--- Dataset excerpt ---
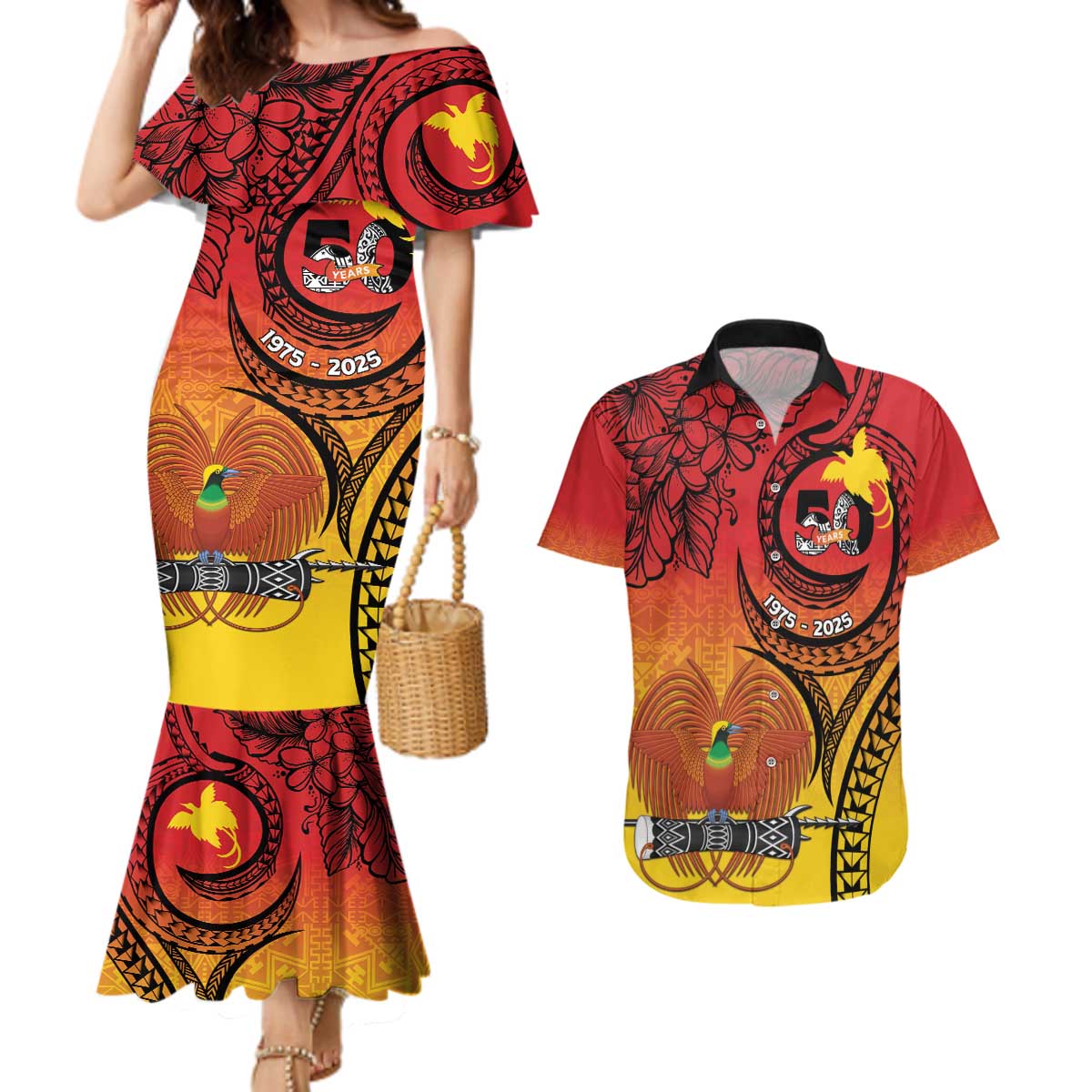 Papua New Guinea 50 Years Couples Matching Mermaid Dress and Hawaiian Shirt Motuan Motifs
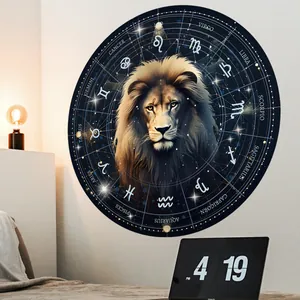 Detail of a round lion zodiac wall sticker with twelve constellations on a bedroom wall
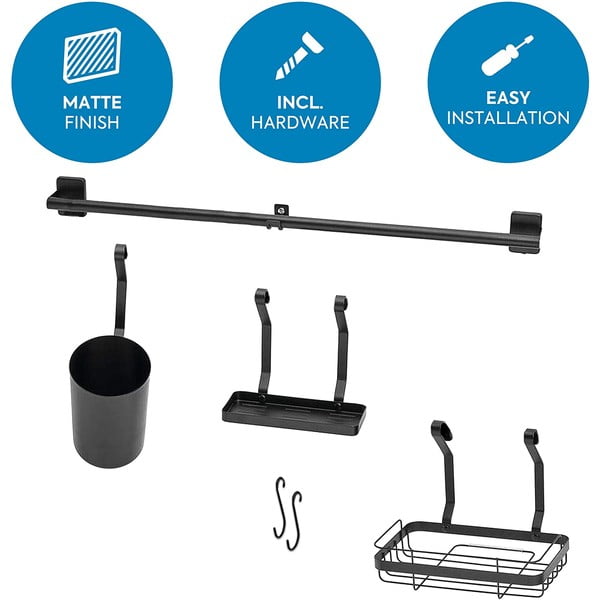 Melns virtuves sienas organizators iDesign Austin-image-2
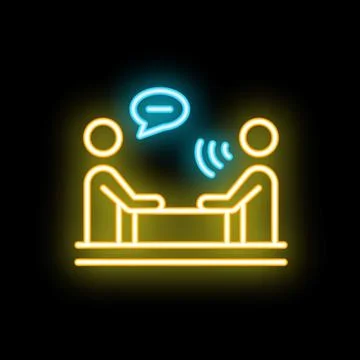 Two people talking with speech bubble neon sign on black background Illustration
---
▸ Work task:
Give back exactly the lines from the line with "Melns virtuves sienas" through the end of the material above, inclusive, with no pictures.

▸ Answer box:
 Melns virtuves sienas organizators iDesign Austin-image-2
 Two people talking with speech bubble neon sign on black background Illustration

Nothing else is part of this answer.